NFTレンディグプロトコルを開発するUnUniFi Protocol(アンユニファイプロトコル)が、シードラウンドで150万ドル(約2.5億円)調達したことを12月1日に発表した。

このシードラウンドはgumi Cryptos Capital(グミクリプトスキャピタル)が主導し、Coincheck(コインチェック)、Hyperithm(ハイパーリズム)、MZ Web3 fund(MZウェブスリーファンド)、Arriba Studio(アリーバスタジオ)、gumi group(グミグループ)が参加している。

UnUniFiはコスモス(Cosmos)エコシステム上の内部NFTマーケットプレイスを通じて効率的なNFTレンディングを提供するためのLayer1ブロックチェーンプロトコル。

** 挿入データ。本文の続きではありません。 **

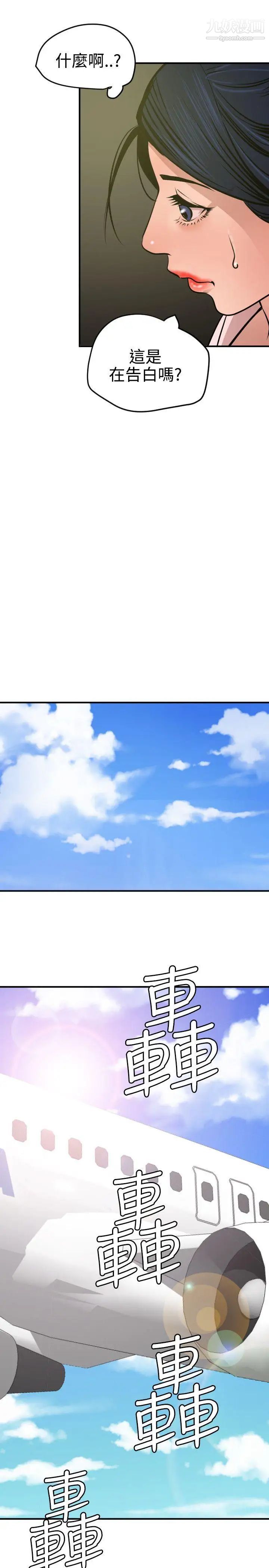 SuperDick第71話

2021年第4四半期に開発を開始し、2022年5月にメインネットが立ち上げられた。テストネットには2万人以上が参加し、大手バリデーター8社と連携したという。なお同プロトコルは日本人若手起業家である木村優氏が創業し、現在はシンガポールを拠点に活動している。

UnUniFiは、実需データを用いて計算された独自のNFT評価アルゴリズムを作成するNFTFi(NFT×金融)プラットフォームであると同時に、ユーザーが借りた資産に対して自動的にDeFi(分散型金融)利回りを生成できるようにするプロトコルだという。

リリースによれば、UnUniFiの技術は機関投資家に拡張可能で、NFT評価オラクルとして他のプラットフォームが外部に実装可能とのことだ。

ちなみに木村優氏は「UnUniFiの真の有用性は、独自の評価アルゴリズムによるNFTFi機能と、当社のチェーン間利回りアグリゲーターとの組み合わせです」とリリースで伝えている。

なお今回調達した資金は、ロードマップに沿った継続的な開発とスケーラビリティに活用し、当面はプロダクトのリリースとプロダクト・マーケット・フィット(PMF)の実現に注力していくとしている。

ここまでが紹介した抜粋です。